IN OUR VIEW | Expanding Medicare: Should program cover those age 50 and up?

Congressional Democrats are floating an idea to increase health insurance coverage by allowing those age 50 and above to buy into Medicare.

President Joe Biden had supported lowering the age to 60 during his campaign for the White House, but has so far not proposed such a move.

Supporters say lowering eligibility from 65 to 50 would help ensure more people are covered and decrease costs for everyone by taking the people with the highest percentage of health issues out of the private insurance marketplace.

Critics worry how the government will fund expanded Medicare and predict premiums will have to go up on younger Americans to pay for it.

We want to know what you think. Should Congress consider lowering the age for Medicare eligibility? Or is it a bad idea?

Send your response (50 words maximum) to [email protected] or visit texarkanagazette.com/question by Wednesday, May 12. You can also mail your response to the Texarkana Gazette Friday Poll, at P.O. Box 621, Texarkana, TX 75504 or drop it off at our office, 101 E. Broad St, Texarkana, Arkansas. Be sure to include your name, address and phone number. We will print as many responses as we can in next Friday's paper.

Last Week: Off-Campus Speech?

Last week's question was about a U.S. Supreme Court case that could decide just how much authority schools have over student speech outside of the classroom. Should schools be able to discipline students for off-campus speech? Or should that be beyond a school's authority?

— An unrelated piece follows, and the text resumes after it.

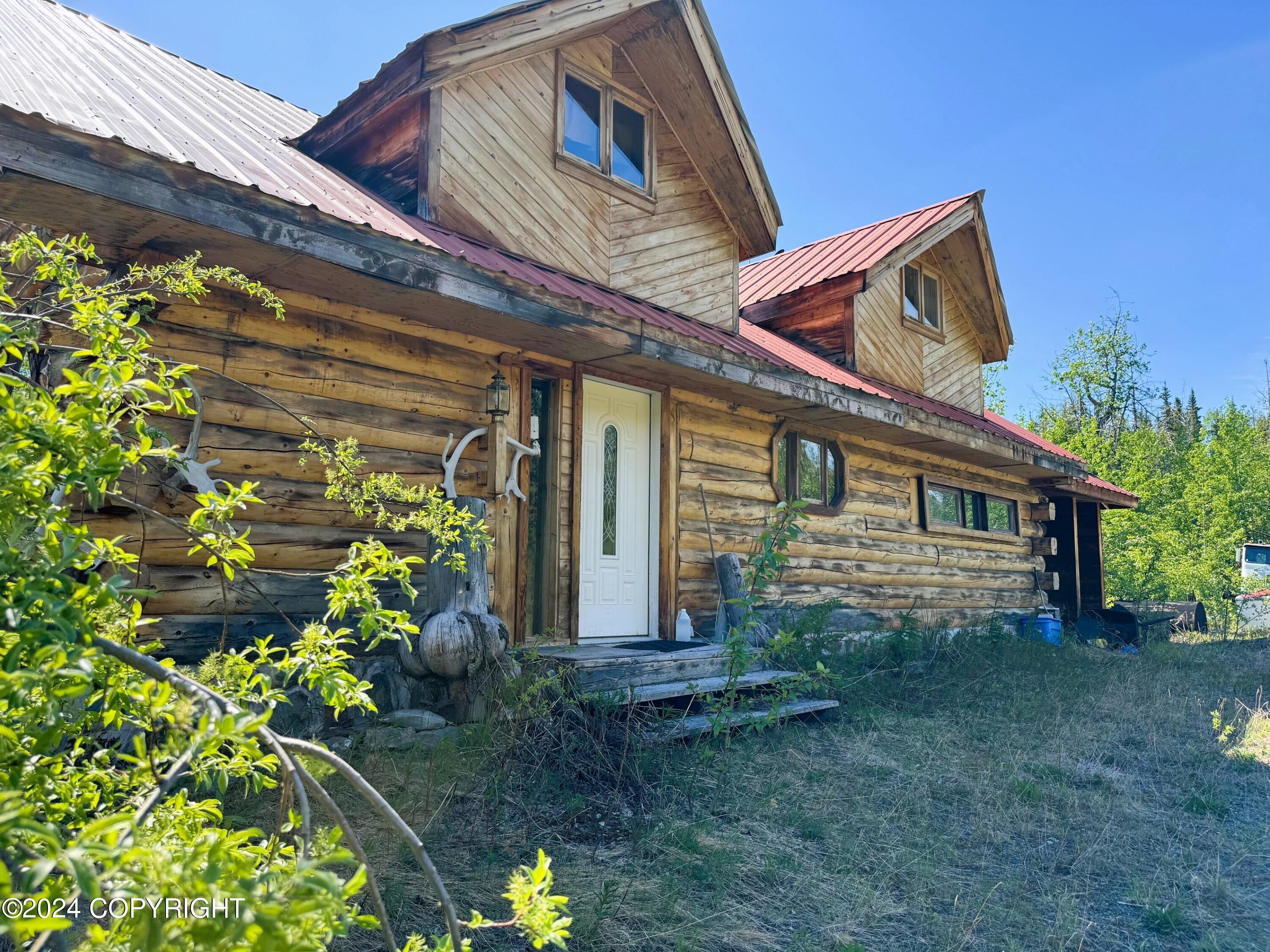 Mi 79.5 Richardson Highway, Copper Center, Alaska image 1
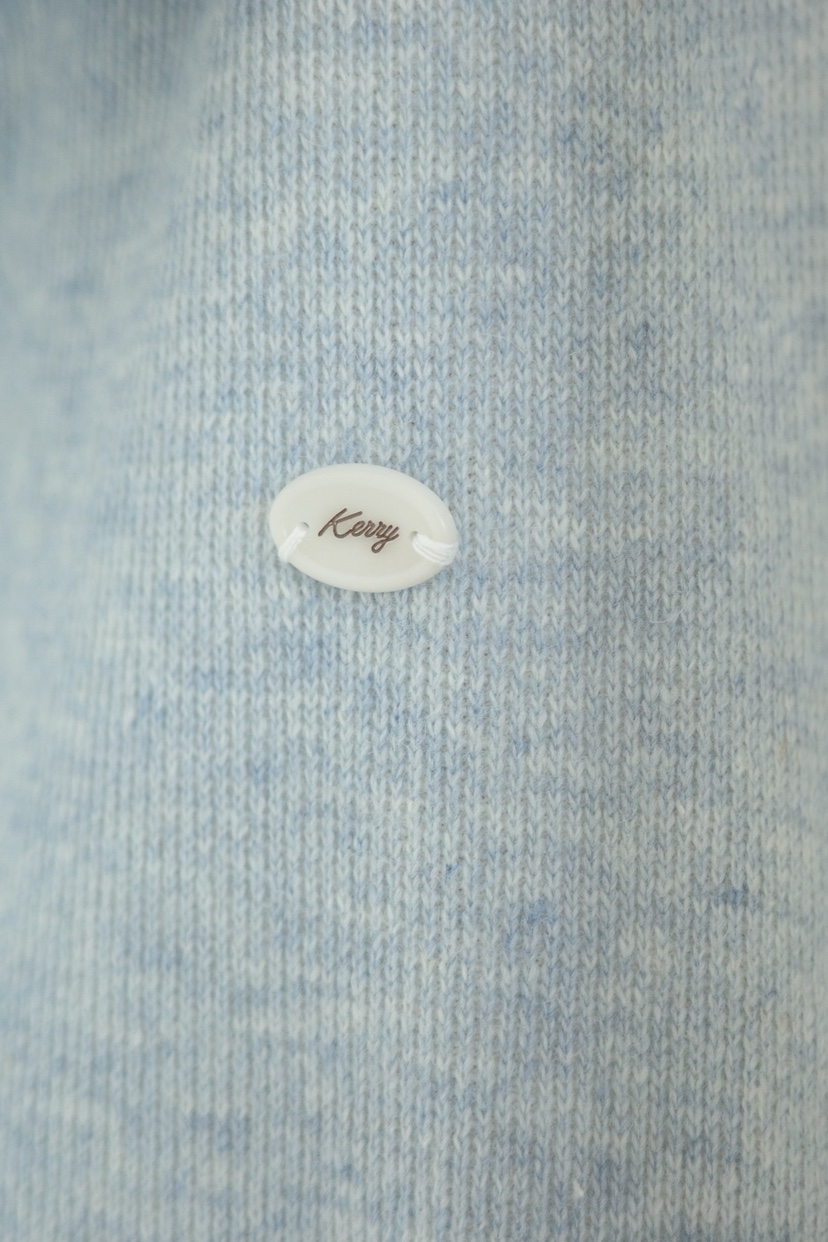 KERRY韓國代購女士新款職業時尚推薦人氣26春季衛衣拉鏈高領KERRY衛衣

- This is definitely free speech. Brandy spoke off campus, which should be fine. Schools have covenants, particularly on athletes on what not to do on campus. Just because her (supposed) friends squealed on on her, does not take her freedom of speech away. As usual, Republicans want to take everyone else's rights away, but their own. Such a sad bunch! - R.K.

From texarkanagazette.com/question

- No. Anything children do or say outside of school is literally between the child and the child's parents. The parents are in charge of discipline outside of school and that choice is theirs. The school district should have zero authority over anything off of school property. That's as if the school is saying "don't talk about me or I'll punish you once you come back to school." It's ridiculous. Of course kids say things when they get mad. They're KIDS. Get over it. - C.F.

- No. If this is moved into the control of any school, what is next? Will it be a student's beliefs? The way they dress? How they speak, in general? Do I agree with the social media post? Absolutely not! I don't have to, nor do I need to see it or follow it. I will not make any attempt to see it at all. I feel like the girls in question, should have more respect for themselves than to stoop so low. I am thankful my parents showed me how to make good choices, I pray I have instilled the same in my children. There is so much pressure in this modern day world. - J.B.

- No. That would be a parents place otherwise a school should take legal action. - L.H.

- Yes. Employers do it, why shouldn't schools do it, but it does depend on who you are too, as far as disciplining is concerned. - L.C.

- Yes. All speech is not protected. If the speech fails the "clear and present danger test," then yes schools can discipline if that speech is with intent to harm or defame. - M.C.

From facebook.com/texarkanagazette

- Nope school grounds are where their authority ends.what people do out side of school is none of the schools issues.

- No they didn't have that right. They didn't do it on school grounds so that is none of the schools business.

- No, with the exception of bullying, hate speech or threatening physical violence.

- Absolutely not the school system should not have the authority to discipline a child outside of school grounds that is the parents job! How did that substantially disrupt learning? It hurt the coaches feelings but disrupted nothing.

- Nope. School is wrong on this.

- I agree with the suspension.

- Those parents need to teach her not to be a sore loser though

- A kids behavior outside school reflects that school and as a cheerleader, she is representing the school on the field and off.